Ella no me llamaba «Michael» con mucha frecuencia, ni siquiera cuando estábamos casados. Era una de esas mujeres que podía llamarte por el apellido y hacer que sonara cariñoso. Cuando quería, claro. Siempre me había llamado «Haller». Desde el día que nos conocimos en la cola para pasar un detector de metales en el tribunal central. Ella iba a orientación en la oficina del fiscal y yo iba al tribunal de faltas por un caso de conducción bajo los efectos del alcohol.

Guardé el mensaje para oírlo otra vez en algún momento y pasé al siguiente. Estaba esperando que fuera de Levin, pero la voz automática dijo que la llamada era de un número con el código de área 310. La siguiente voz que oí fue la de Louis Roulet.

«Soy yo, Louis. Sólo pasando revista. Me estaba preguntando dónde estaban las cosas después de lo de ayer. También hay algo que quiero contarle.»

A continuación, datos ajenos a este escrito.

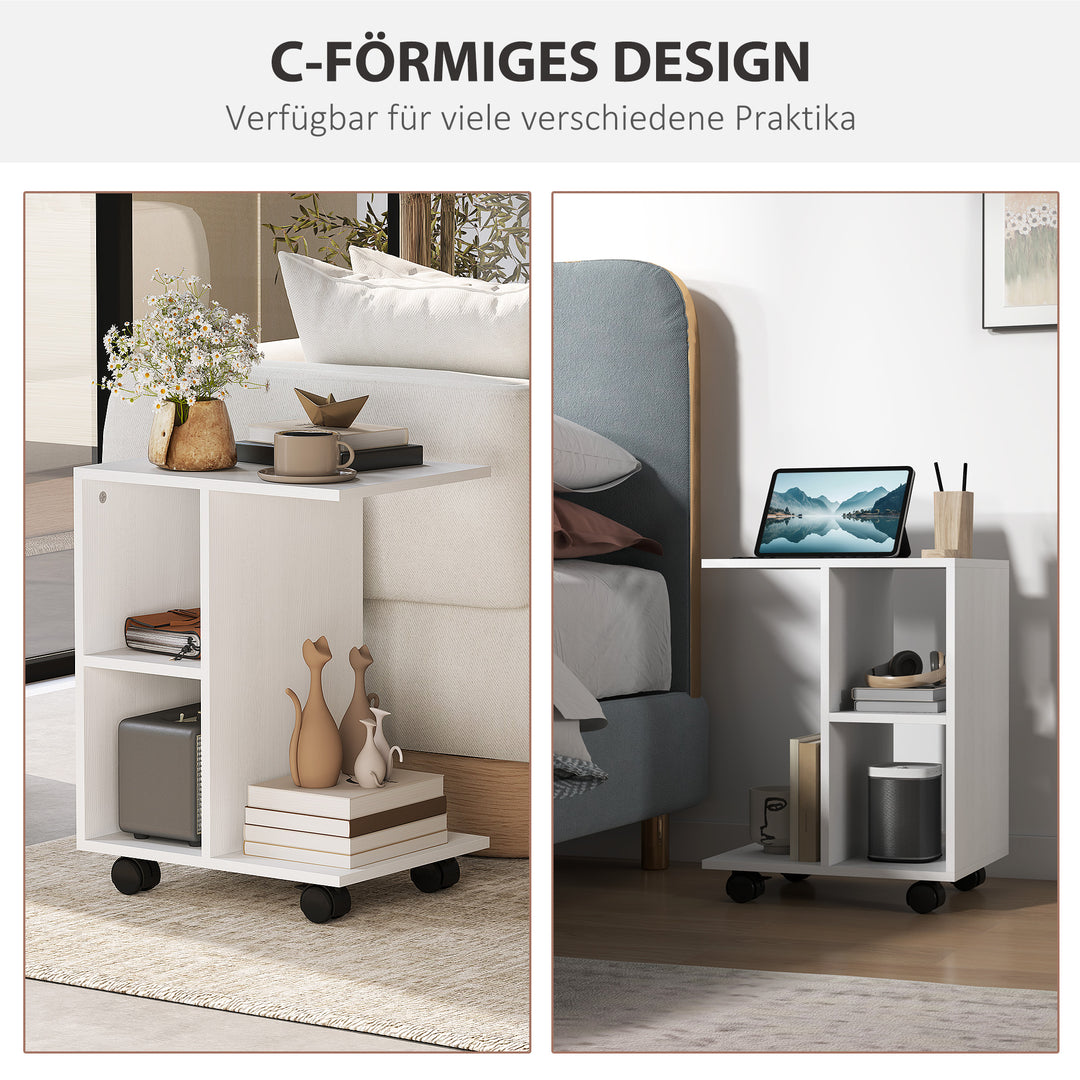 C-formet sidebord, sofabord, hjørneskrivebord, med hjul, e1 spånplade, 45 x 35 x 58 cm, hvid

Pulsé el botón de borrado y pasé al tercer y último mensaje. Era el de Levin.

«Eh, jefe, llámame. Tengo material de Corliss. Por cierto, el nombre es Dwayne Jeffery Corliss. Es un yonqui y ha dado un par de soplos más aquí en Los Ángeles. Nada nuevo, ¿eh? La cuestión es que lo detuvieron por robar una moto que probablemente pensaba cambiar por un poco de alquitrán mexicano. Ha cambiado el soplo de Roulet por un programa de internamiento de noventa días en County-USC. Así que no podremos acceder a él ni hablar con él a no ser que lo disponga un juez. Un movimiento muy hábil del fiscal. Bueno, lo sigo investigando. Ha salido algo en Internet en Phoenix que tiene buena pinta si es el mismo tipo. Algo que le estallaría en la cara. Así que esto es todo por ahora. Llámame el fin de semana. Estaré por casa.»

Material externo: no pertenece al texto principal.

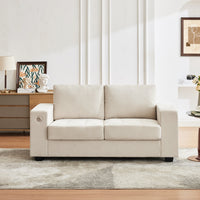 Garvee 71" Chenille Fabric Sofa Modern Comfort Sofa with USB/Type-C Ports, Deep Seat Cushions, Removable Cover, Wide Armrests Ideal for Living Rooms, Small Spaces, and Apartments - Beige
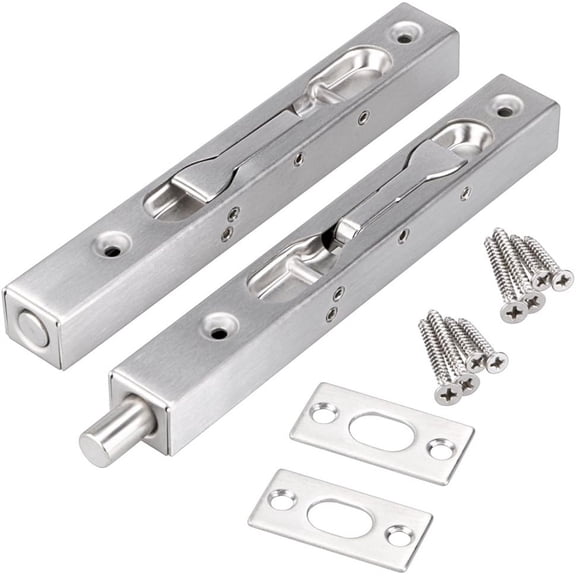 Duslogis 6 Inch Door Bolts,Door Slide Bolt Lock Door Flush Bolt Security Latch Bolt with Powerful Spring, Security Guard Lever Action Door Flush Bolt Latch for Bedroom,Cupboard (2Pcs,Silver)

Borré el mensaje y cerré el teléfono.

– Ya no -me dije a mí mismo.

Una vez que oí que Corliss era yonqui no necesitaba saber nada más. Entendí por qué Maggie no se había fiado de ese tipo. Los adictos a la heroína eran la gente más desesperada y poco fiable con la que uno puede cruzarse en la maquinaria del sistema. Si tuvieran la oportunidad delatarían a sus propias madres a cambio de la siguiente dosis o del siguiente programa de metadona. Todos eran unos mentirosos y todos ellos podían ser mostrados como tales en un tribunal.